*ABOUT THIS EXERCISE*. Omit the images. Reproduce each line of the records exactly as it appears.

*DATA*.
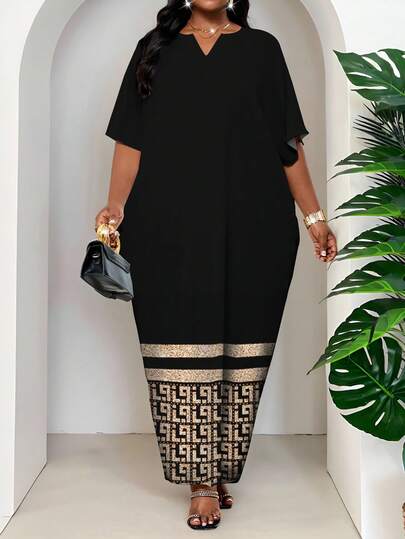 SHEIN Lady Vestido de bata elegante con muesca trenzada en blanco y negro para primavera, verano, otoño e invierno, talla grande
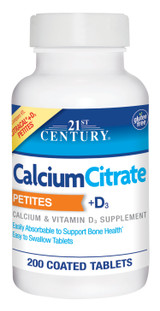 21st Century Calcium Citrate Petites + D3 Coated Tablets - 200 Tablets
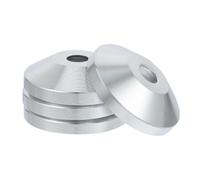 4 Pezzi Base per Diffusore in Acciaio al Carbonio Argento | Isolamento Componenti, Protezione Mobili e Pavimento, Effetto Ammortizzante, per Componenti Audio e Diffusori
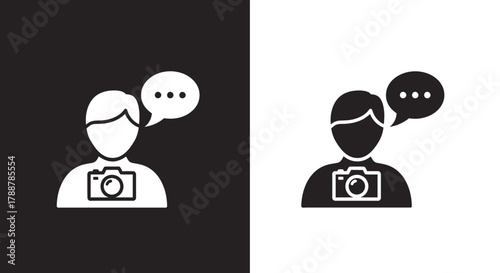 Glyph Icon Vector of a Photographer with Camera and Speech Bubble for Social Media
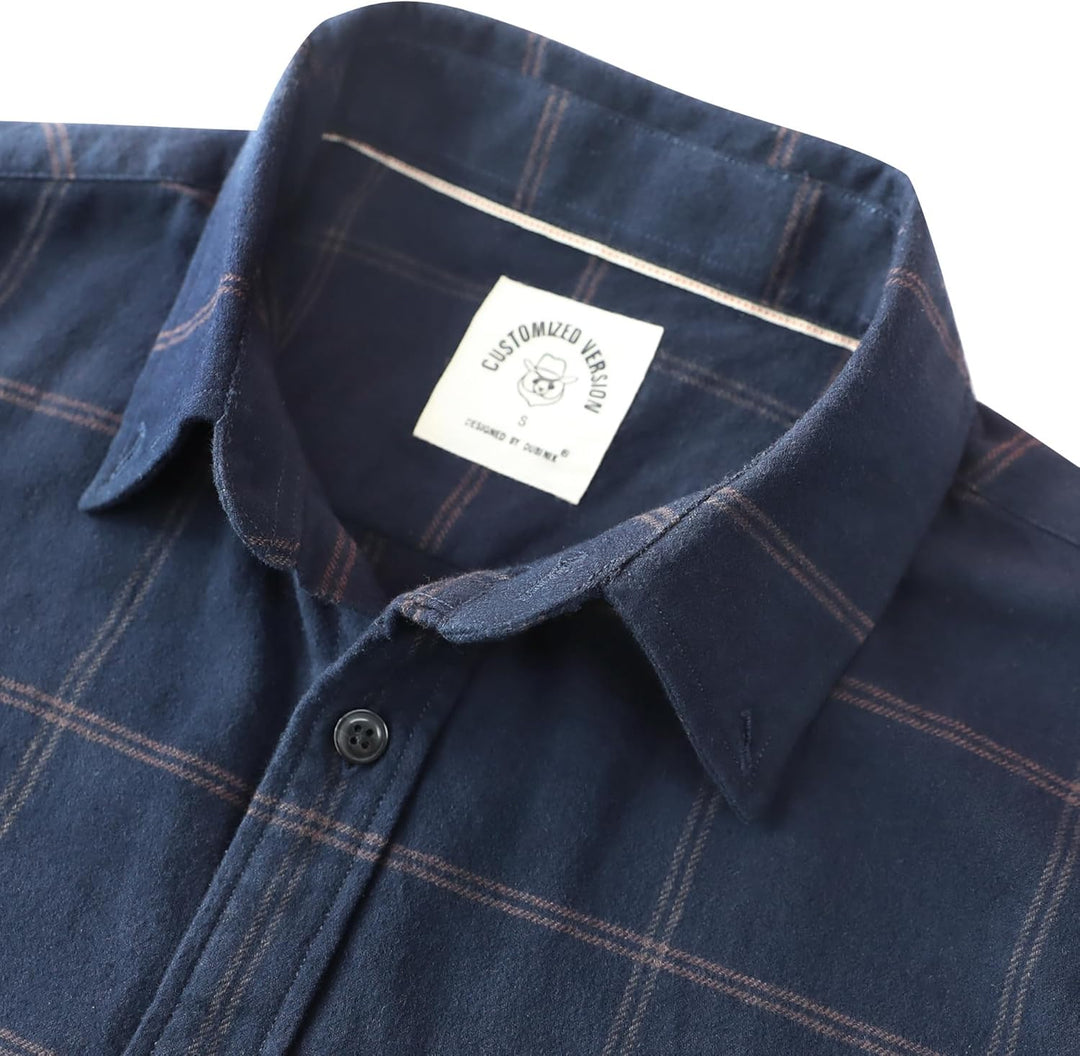 Dubinik® Flanellhemd Herren Kariert Button Down Outdoor Baumwolle Freizeithemden Flanellhemden Herre
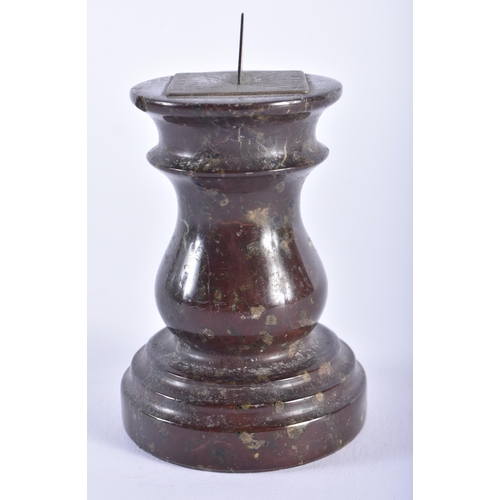 180 - AN UNUSUAL ANTIQUE CORNISH SERPENTINE STONE SUNDIAL. 10 cm high.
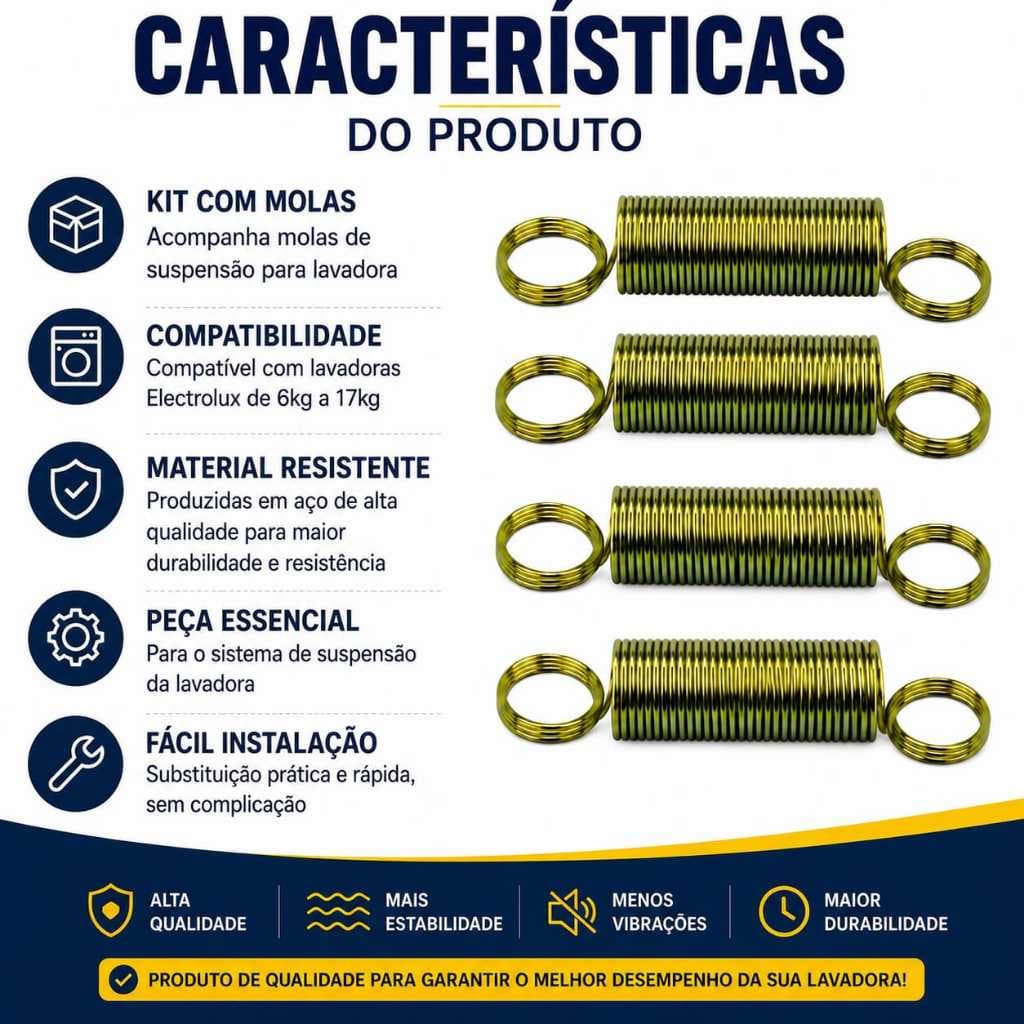 Kit 8 Molas Vara Suspensão Tirante Lavadoras Electrolux – Lavadora 6kg a 17kg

*RESPONSE TO THIS TASK*.
 SHEIN Lady Vestido de bata elegante con muesca trenzada en blanco y negro para primavera, verano, otoño e invierno, talla grande
 21st Century Calcium Citrate Petites + D3 Coated Tablets - 200 Tablets
 4 Pezzi Base per Diffusore in Acciaio al Carbonio Argento | Isolamento Componenti, Protezione Mobili e Pavimento, Effetto Ammortizzante, per Componenti Audio e Diffusori
 Glyph Icon Vector of a Photographer with Camera and Speech Bubble for Social Media
 Dubinik® Flanellhemd Herren Kariert Button Down Outdoor Baumwolle Freizeithemden Flanellhemden Herre
 180 - AN UNUSUAL ANTIQUE CORNISH SERPENTINE STONE SUNDIAL. 10 cm high.
 Kit 8 Molas Vara Suspensão Tirante Lavadoras Electrolux – Lavadora 6kg a 17kg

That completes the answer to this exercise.